The Peasant Prince: Thaddeus Kościuszko and the Age of Revolution
by Alex Storozynski
Thomas Dunne Books, New York 2009, 384 p.
On a recent trip to Boston, ambling around the city with a friend, I happened upon a statue of Tadeusz Kościuszko in the public garden. My friend, a Texan named Adam who had never heard of pierogi let alone Polish patriots of the Revolutionary War era prior to meeting me, furrowed his brow at the long, difficult name inscribed on the monument and asked for an explanation of my excitement.
I began with a deep breath and launched into a brief but thorough account of Kościuszko’s contributions to the rebel fight for freedom during the Revolutionary War. Adam, like most Americans, was surprised to learn a Pole had aided in the fight against the British and, as I was satisfied that I had enlightened him with my knowledge of the war hero, we continued on our way.

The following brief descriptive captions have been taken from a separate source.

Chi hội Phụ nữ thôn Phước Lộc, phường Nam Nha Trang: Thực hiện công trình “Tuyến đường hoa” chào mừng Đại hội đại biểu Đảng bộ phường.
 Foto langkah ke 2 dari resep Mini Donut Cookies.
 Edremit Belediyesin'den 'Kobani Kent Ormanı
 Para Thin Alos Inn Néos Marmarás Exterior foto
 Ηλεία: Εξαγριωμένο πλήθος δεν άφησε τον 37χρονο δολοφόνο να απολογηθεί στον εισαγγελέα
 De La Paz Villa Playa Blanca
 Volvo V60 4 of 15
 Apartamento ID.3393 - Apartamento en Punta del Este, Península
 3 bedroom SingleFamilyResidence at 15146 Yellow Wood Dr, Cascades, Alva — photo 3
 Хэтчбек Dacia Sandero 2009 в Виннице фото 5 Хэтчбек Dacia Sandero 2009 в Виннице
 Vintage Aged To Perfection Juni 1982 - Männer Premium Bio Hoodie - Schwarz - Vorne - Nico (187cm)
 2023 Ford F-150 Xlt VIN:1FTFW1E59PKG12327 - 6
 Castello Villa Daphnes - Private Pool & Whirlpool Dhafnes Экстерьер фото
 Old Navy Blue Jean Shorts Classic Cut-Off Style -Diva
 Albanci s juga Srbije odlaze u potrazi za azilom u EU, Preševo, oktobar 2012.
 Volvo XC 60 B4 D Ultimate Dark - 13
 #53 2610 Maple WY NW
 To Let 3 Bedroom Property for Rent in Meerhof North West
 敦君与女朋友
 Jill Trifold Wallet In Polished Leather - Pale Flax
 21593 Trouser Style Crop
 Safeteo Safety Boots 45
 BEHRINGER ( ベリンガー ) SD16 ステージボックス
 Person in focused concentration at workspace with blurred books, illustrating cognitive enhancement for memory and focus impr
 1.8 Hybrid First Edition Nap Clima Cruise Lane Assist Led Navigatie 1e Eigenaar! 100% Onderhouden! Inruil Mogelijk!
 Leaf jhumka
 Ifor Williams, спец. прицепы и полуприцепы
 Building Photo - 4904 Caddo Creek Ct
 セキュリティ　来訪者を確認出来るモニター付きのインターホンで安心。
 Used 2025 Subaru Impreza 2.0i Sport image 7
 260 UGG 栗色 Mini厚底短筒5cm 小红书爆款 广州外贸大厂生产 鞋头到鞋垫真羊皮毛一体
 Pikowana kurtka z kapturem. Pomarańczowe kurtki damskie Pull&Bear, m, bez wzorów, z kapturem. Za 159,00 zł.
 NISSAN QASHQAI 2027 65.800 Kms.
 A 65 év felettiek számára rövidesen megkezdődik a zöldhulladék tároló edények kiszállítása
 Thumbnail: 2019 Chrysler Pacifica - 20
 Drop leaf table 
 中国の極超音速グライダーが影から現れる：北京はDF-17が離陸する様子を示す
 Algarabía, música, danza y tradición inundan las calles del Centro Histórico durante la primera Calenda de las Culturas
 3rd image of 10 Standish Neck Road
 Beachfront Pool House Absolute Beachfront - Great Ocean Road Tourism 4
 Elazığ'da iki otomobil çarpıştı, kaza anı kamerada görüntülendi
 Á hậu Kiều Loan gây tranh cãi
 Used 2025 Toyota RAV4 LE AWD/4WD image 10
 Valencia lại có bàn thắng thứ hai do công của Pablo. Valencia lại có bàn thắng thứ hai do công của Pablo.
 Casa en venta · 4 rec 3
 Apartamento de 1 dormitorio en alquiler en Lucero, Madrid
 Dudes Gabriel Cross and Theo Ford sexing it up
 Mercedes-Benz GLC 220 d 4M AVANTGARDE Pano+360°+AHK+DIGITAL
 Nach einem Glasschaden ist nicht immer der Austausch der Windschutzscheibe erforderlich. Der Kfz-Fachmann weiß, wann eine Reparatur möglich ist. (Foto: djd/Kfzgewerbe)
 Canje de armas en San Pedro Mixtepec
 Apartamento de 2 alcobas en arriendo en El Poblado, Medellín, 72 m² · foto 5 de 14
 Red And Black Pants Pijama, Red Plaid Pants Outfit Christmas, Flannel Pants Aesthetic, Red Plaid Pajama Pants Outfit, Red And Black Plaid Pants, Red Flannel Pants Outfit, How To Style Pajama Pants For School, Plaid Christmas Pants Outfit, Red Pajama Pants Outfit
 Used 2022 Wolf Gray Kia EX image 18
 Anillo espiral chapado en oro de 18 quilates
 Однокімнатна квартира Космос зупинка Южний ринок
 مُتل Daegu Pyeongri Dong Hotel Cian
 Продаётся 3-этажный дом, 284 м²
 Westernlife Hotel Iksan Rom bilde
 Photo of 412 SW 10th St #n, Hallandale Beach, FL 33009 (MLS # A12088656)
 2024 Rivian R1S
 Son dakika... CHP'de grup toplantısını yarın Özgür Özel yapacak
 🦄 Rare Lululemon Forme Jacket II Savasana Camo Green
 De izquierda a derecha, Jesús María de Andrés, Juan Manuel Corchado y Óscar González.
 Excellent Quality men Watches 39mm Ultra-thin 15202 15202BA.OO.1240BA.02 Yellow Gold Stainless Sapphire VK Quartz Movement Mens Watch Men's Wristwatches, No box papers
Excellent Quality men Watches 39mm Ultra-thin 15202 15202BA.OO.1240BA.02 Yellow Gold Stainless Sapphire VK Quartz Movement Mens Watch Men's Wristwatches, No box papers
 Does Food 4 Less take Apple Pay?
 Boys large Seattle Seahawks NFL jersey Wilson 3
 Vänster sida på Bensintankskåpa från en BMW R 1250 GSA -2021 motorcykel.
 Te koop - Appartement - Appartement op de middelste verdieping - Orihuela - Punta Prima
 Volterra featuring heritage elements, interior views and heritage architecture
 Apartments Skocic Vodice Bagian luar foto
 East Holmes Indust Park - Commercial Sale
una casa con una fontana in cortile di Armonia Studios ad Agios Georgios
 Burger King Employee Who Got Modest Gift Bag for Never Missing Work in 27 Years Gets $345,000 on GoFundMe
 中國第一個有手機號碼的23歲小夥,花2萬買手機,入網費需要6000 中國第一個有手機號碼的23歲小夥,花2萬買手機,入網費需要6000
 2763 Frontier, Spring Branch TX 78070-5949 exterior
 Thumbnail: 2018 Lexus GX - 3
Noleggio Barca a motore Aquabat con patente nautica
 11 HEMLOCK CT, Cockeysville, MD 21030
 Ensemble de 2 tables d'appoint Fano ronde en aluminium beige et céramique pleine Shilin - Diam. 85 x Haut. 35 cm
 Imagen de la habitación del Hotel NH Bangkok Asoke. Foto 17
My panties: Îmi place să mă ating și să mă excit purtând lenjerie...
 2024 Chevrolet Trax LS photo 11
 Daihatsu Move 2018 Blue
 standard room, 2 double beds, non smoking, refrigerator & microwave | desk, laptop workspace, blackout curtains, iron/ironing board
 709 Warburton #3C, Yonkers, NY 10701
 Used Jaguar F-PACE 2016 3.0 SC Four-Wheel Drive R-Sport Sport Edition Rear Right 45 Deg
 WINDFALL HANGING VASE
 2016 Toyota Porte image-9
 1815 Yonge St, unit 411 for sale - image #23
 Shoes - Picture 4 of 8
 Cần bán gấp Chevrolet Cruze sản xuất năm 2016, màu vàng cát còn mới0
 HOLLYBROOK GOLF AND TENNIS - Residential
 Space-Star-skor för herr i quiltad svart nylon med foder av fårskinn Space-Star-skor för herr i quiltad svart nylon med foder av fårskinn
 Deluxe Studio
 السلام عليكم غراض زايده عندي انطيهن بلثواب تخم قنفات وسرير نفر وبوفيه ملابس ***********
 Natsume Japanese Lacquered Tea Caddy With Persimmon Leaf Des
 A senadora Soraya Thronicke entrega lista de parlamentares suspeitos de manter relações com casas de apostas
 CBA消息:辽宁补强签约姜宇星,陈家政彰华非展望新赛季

It was not until reading Alex Storozynski’s recently published Kościuszko biography, The Peasant Prince: Thaddeus Kościuszko and the Age of Revolution, that I truly expanded my knowledge of Kościuszko beyond the fact that he was a Pole fighting for American independence to realizing that he was a true champion of freedom and equality for all. Storozynski accomplishes this goal entirely. Readers learn in depth the extent of Kościuszko’s military engineering at West Point and during the Revolutionary War, as well as about his leadership during what became known as the Kościuszko Uprising, in which the citizens of the Polish-Lithuanian Commonwealth rose against their Muscovite occupiers. Battle scenes and engineering plans are described with lucidity and are surprisingly engaging, and considering that war descriptions are reading I often have to force my way through, I devoured Storozynski’s depictions with surprising ease.
However, Storozynski also takes special care to emphasize the fact that Kościuszko was not simply a military man, which is what gives this biography further merit. Highlighting Kościuszko’s liberal education, several ill-fated love affairs with women considered above his social standing, and his surprise at the treatment of African American slaves in the United States allows the readers to get to know Kościuszko on a personal level, and gives them a great appreciation of his love of and unconditional belief in true liberty. What I found most compelling about Storozynski’s depiction of Kościuszko’s commitment to freedom and basic human rights was the care Storozynski put into developing Kościuszko’s close relationships where these beliefs were reflected. For instance, Kościuszko always treated his African American aide-de-camp, Agrippa Hull, as an equal, forged relationships with Jews around the globe and later allowed and encouraged Jews to fight for Poland during the uprising against the Russians and, when not attempting to abolish serfdom altogether, treated his own serfs with dignity and justice. Kościuszko also went so far as to chastise Founding Father and President Thomas Jefferson for his ownership of slaves, and challenged the injustices of powerful rulers such as Catherine the Great and Napoleon.
Overall, Storozynski’s Peasant Prince provides a readable, in-depth biography of Kościuszko, from boyhood to death, and is recommended to anyone with a love for history and a penchant for freedom.